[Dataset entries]

※ ※ ※

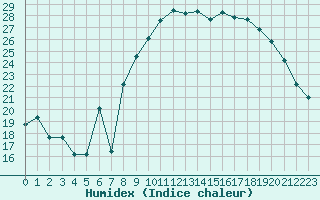 Courbe de l'humidex pour Solenzara - Base arienne (2B)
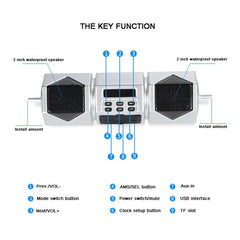 Waterproof Motorcycle Stereo Speakers Audio System Bluetooth Amplifier Radio USB FM Radio MP3 Player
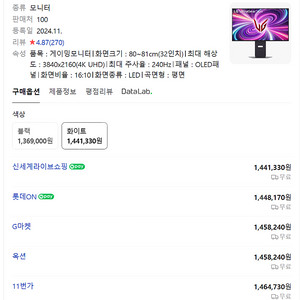LG울트라기어 32GS95UV W(화이트) 팝니다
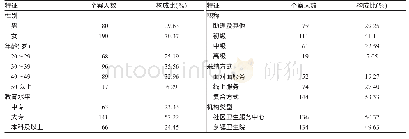 《表1 样本人口学特征及移动信息技术采纳（n=270)》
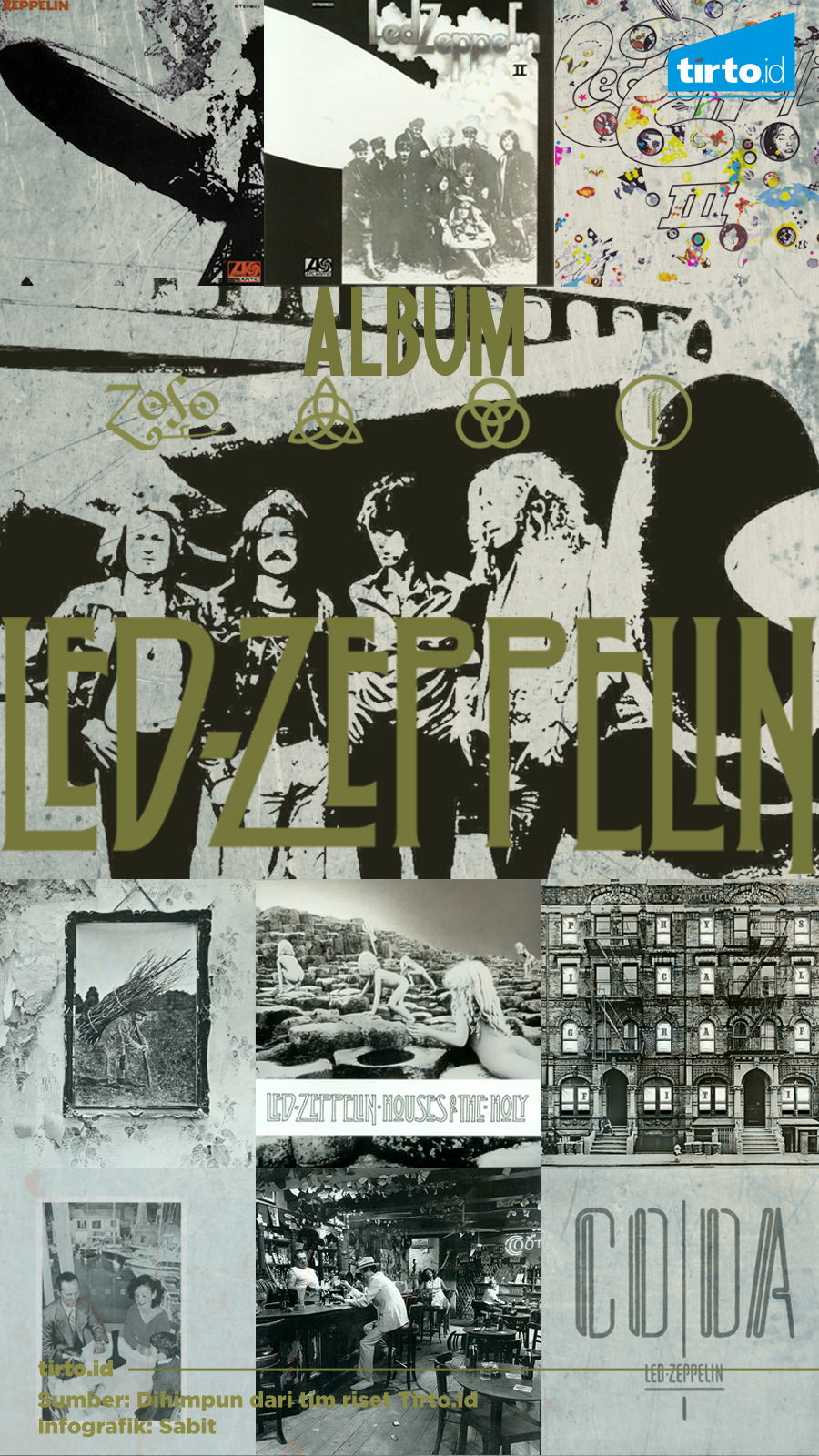 Infografik Led Zeppelin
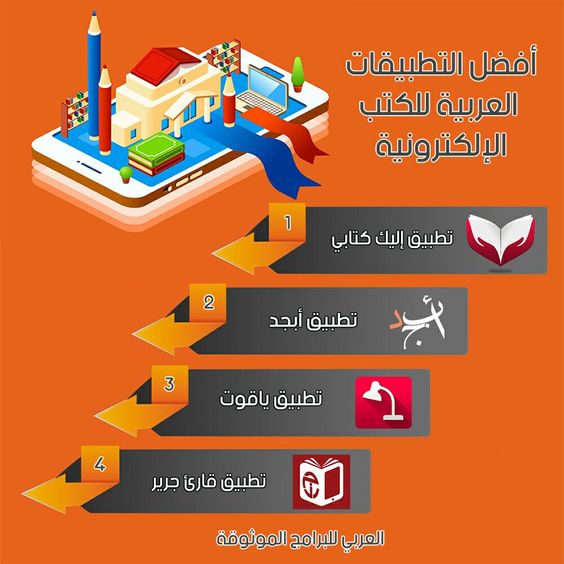 برامج الكتب المجانية 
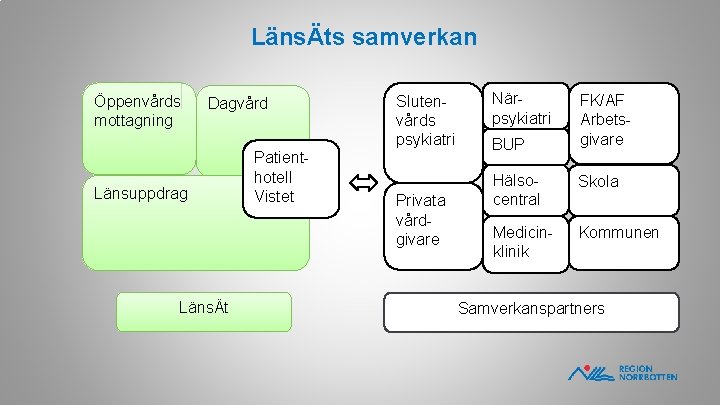 LänsÄts samverkan Öppenvårds mottagning Dagvård Länsuppdrag LänsÄt Patienthotell Vistet Slutenvårds psykiatri Privata vårdgivare Närpsykiatri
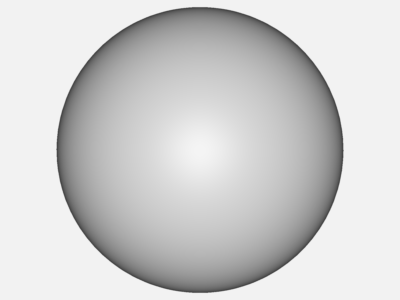 Sphere flow test image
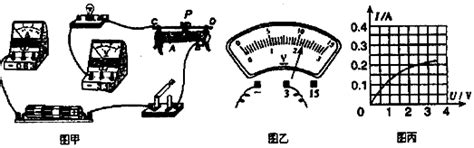 如图所示是课本中用来探究“影响电磁铁磁性强弱的因素 的实验实验中用滑动变阻器是为了探究电磁铁磁性的强弱跟电流大小的关系用弹簧是为了显示电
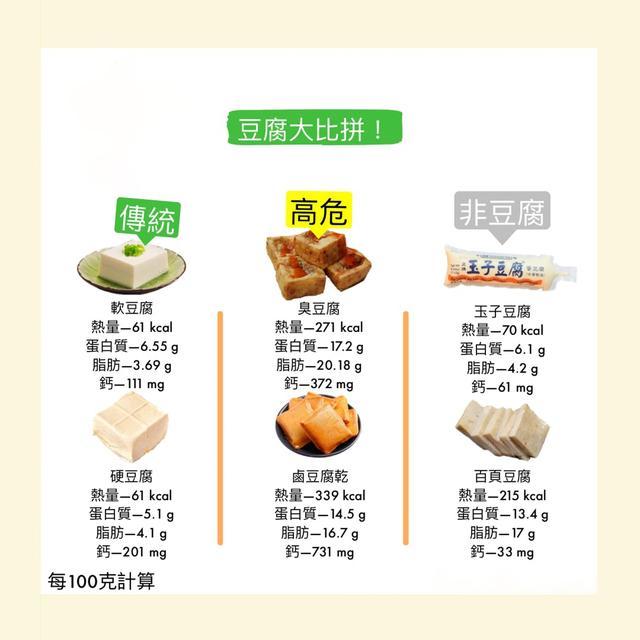 热量脂肪大比拼,6款豆腐哪个最有营养?吃豆腐不一定健康!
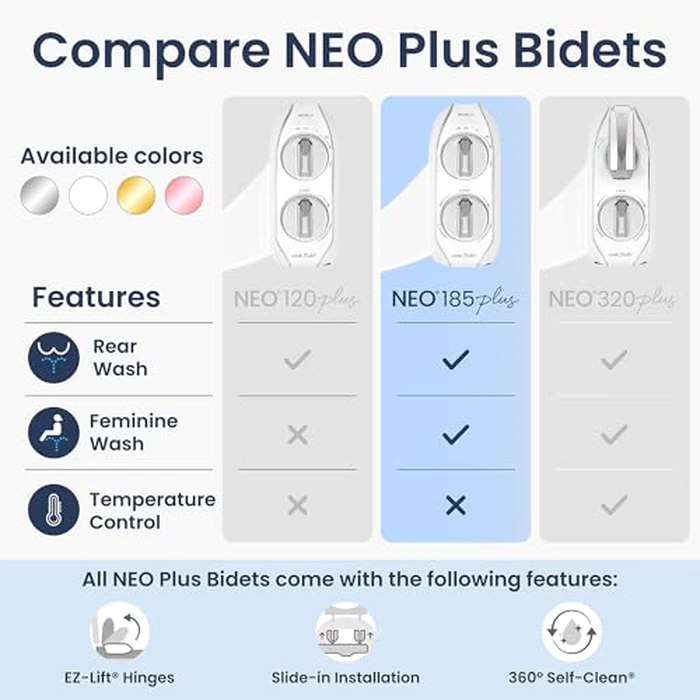 LUXE Bidet NEO 185 Plus - Dual Nozzle, Non-Electric Bidet Attachment for Toilet Seat, Patented Slide-In Install, 360 degrees Self-Clean, EZ-Lift to Clean, Feminine & Rear Wash (Chrome) by LUXE Bidet - Image 5
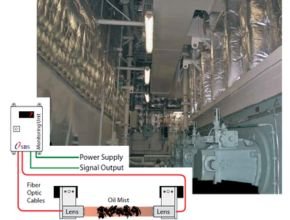 For Hydraulic Installations and Fuel Lines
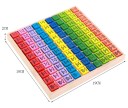 Multiplikationstabel for børn 4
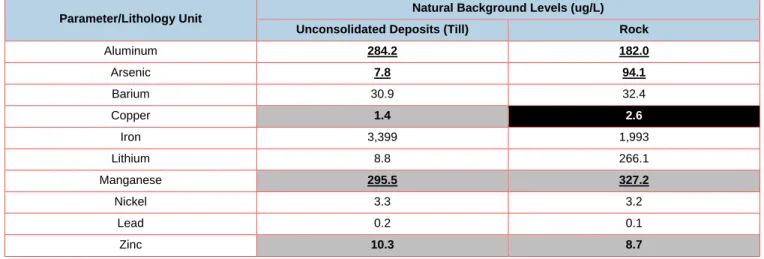 Table 6-17  Calculation of Natural Background Levels of Metals in Groundwater 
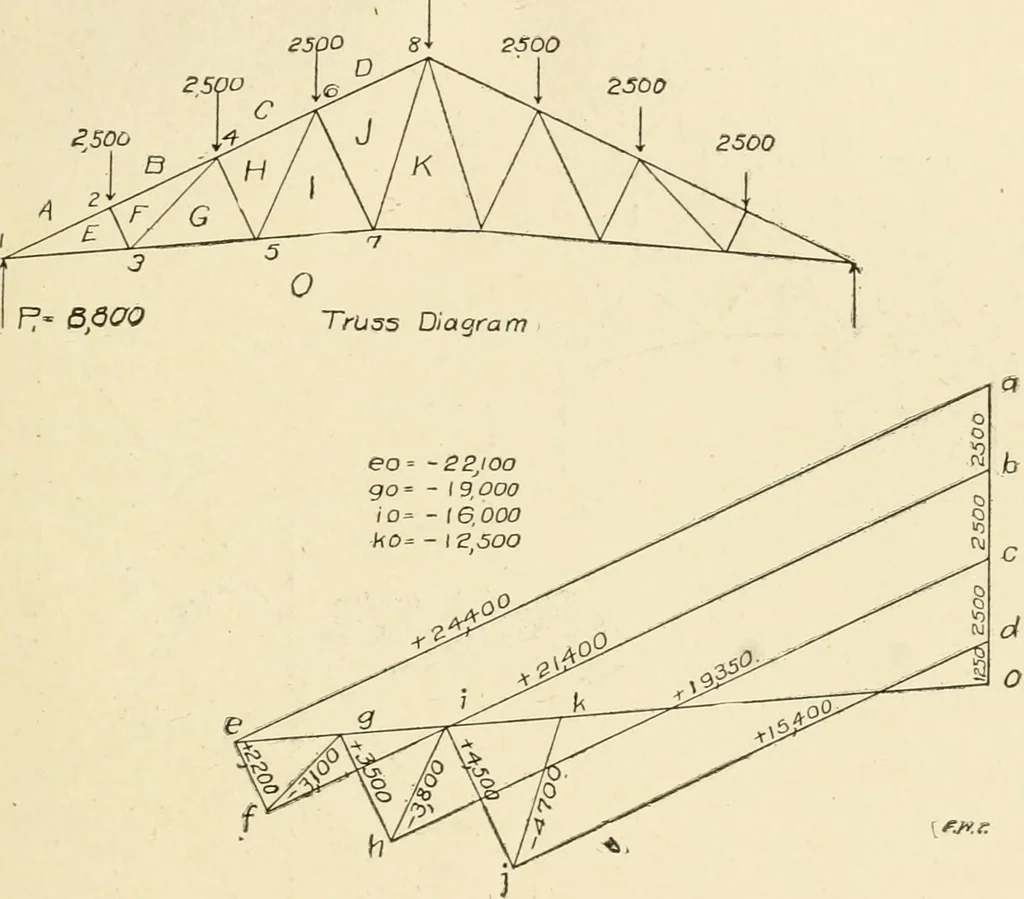 An illustration from Building construction and superintendence, by F.E. Kidder ..., 1896, leaf 294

※ ※ ※

**TO DO:**
Print an exact copy of the lines above, from the one containing "LUXE Bidet NEO" through the one containing "Multiplikationstabel for børn 4", and leave out the pictures.

**RESULT OF THIS TASK:**
 LUXE Bidet NEO 185 Plus - Dual Nozzle, Non-Electric Bidet Attachment for Toilet Seat, Patented Slide-In Install, 360 degrees Self-Clean, EZ-Lift to Clean, Feminine & Rear Wash (Chrome) by LUXE Bidet - Image 5
 For Hydraulic Installations and Fuel Lines
 Multiplikationstabel for børn 4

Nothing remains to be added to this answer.